Вечером Борис Николаевич уехал в Крым. Устроив больную барышню в Ялте, он пароходом поехал на Феодосию.

Из-за коричневой горы медленно развернулись знакомые места с синими волнами гор на западе; самых дальних не разберешь — горы то или седые клочья туч на вершинах…

Вот и перламутровый залив с песчаным берегом и опустевшими, заколоченными дачами. Борис Николаевич почувствовал, что та, прежде созданная им жизнь теперь опустела и заколочена, как эти дачи. А с ним здесь большое, как море, счастье. Никогда и не подозревал он о возможности его на земле.

Вот впереди та самая дача, с деревцами, теперь обернутыми соломой… Как много невероятного в человеке! Полгода тому назад здесь он презрительно раздавил ногой что-то такое, что неведомо для него упало в его душу зерном новой жизни.

Ему за сорок лет; думал — отцвела душа, а она вдруг зазеленела небывалой красоты побегами, как зацветут по весне эти голые деревья.

В Феодосии Борис Николаевич сел в поезд и поехал в Ямск.

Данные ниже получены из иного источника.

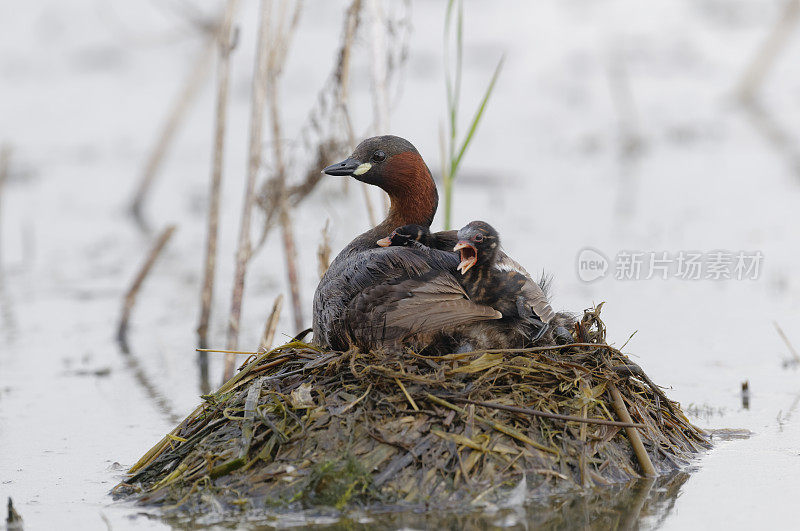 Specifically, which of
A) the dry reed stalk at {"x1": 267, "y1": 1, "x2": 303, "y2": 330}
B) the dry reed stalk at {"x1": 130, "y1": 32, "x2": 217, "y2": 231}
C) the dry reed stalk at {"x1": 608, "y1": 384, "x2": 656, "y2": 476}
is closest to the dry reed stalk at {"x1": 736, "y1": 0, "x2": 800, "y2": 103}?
the dry reed stalk at {"x1": 130, "y1": 32, "x2": 217, "y2": 231}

Он приехал на рассвете третьего дня. От вокзала до города пришлось ехать полем. Потом — кривые, занесенные снегом улицы с накренившимися заборами и подслеповатыми домиками. Потом выехал на громадную, как поле, площадь. Белыми привидениями носятся по ней столбы снега, где-то далеко мерцает фонарь. Покажется и снова скроется в сугробе. Извозчик в треухе обернулся и спросил:

— Вам же, барин, куда?

— Куда? А гостиница здесь есть?

— Есть. Постоялый называется.

— Туда и вези.

— Ну, вам куда больше желательно: к Пшеничному или к Савоське?

— А не знаю, право.

— Да вы благородный господин или так, за шкурами?

— За какими шкурами?

— Разве ж вам неизвестно? Сегодня ж среда — шкурный день называется. Базар же!

— Нет, мне это не нужно.

— Значит, к Пшеничному.

Долго стучались они в ворота, над которыми висел затрепанный ветром пук сена. Вышел старик с фонарем. Через двор, заставленный санями, он провел на кухню, а потом в номер — низенькую комнату с огромной деревянной кроватью и старинным диваном, у которого отвалилась одна ручка и половина спинки.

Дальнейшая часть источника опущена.